To cries of delight among ball-going women, two new couture dress shops have thrown open their doors on Magazine Street: Pilot and Powell and Sosusu. Plus, cult boutique Freda, from Marfa, Texas, has landed next to the Ace Hotel, carrying one-of-a-kind frocks, cotton dungarees, and custom Mardi Gras headdresses you won’t find in the French Quarter. Discerning hipster gentlemen should head straight to Friend, one door down from Freda, for a carefully edited display of menswear and New Orleans–centric souvenirs.
While Prospect.4 artists prepare for the triennial, galleries along Julia Street are also ramping up with a calendar of noteworthy fall exhibitions. Spend an afternoon at Jonathan Ferrara, Arthur Roger, and Callan Contemporary—the pioneers of the contemporary scene in New Orleans—but also peek into Good Children and some of the younger galleries along St.
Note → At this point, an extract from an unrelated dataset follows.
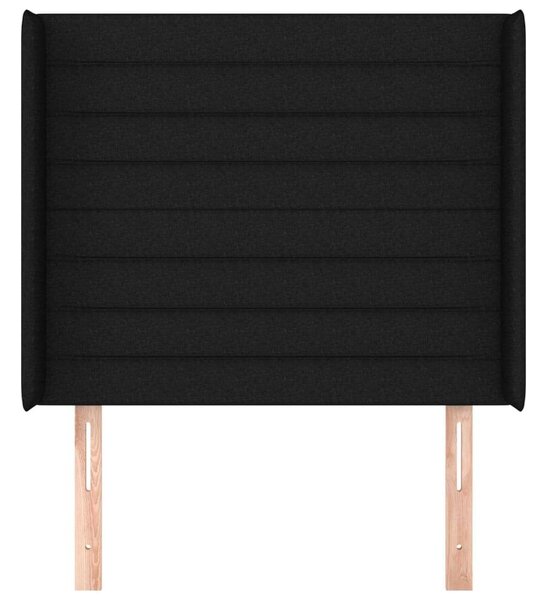 Fekete Szövet Fejtámla Szárnyakkal - 103x16x118/128cm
Claude Avenue that have been exhibiting art stars on the rise like photographer Sophie T. Lvoff.
Farther downtown, the sonically cosmic playground known as the Music Box Village is hosting weekend performances at its new outdoor home, constructed in a grove of trees at the foot of the Bywater levee. The progressive swamp-rock duo Quintron and Miss Pussycat will headline for the opening weekend of Prospect.4, and it’s anyone’s guess who else might make a cameo; touring A-listers in town for a night often sneak into the venue for a surprise set that has everyone buzzing the next day.
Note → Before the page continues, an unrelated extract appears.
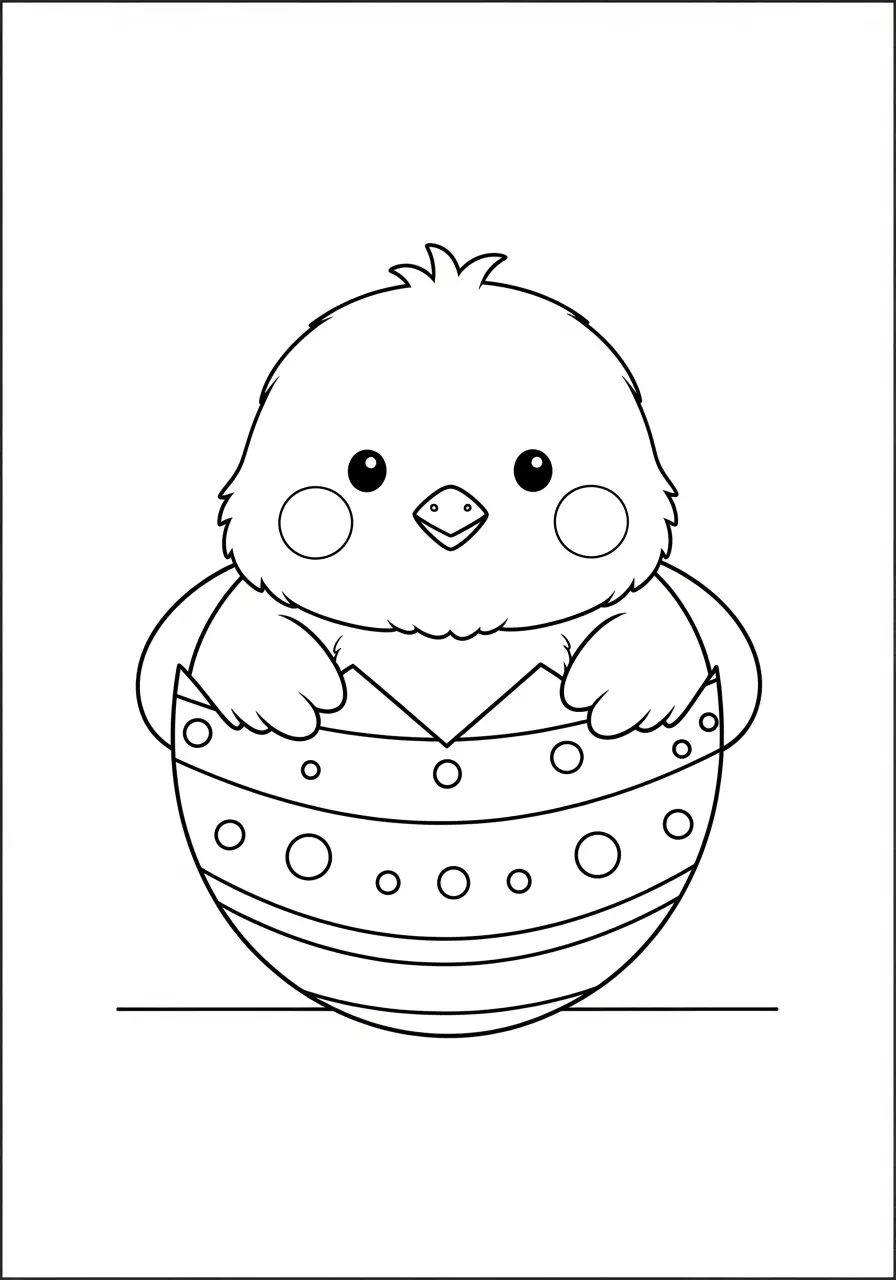 Happy Easter Chick Spring Coloring Page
Meanwhile, another sort of storyteller—one using the language of food—is garnering accolades: chef Mason Hereford of the James Beard–nominated restaurant Turkey and the Wolf. His work of genius? A fried-bologna sandwich that has a line of well-heeled patrons snaking out the door. “Like the city I love, it’s been a long time in the making,” Hereford says, “and it’s perfect.”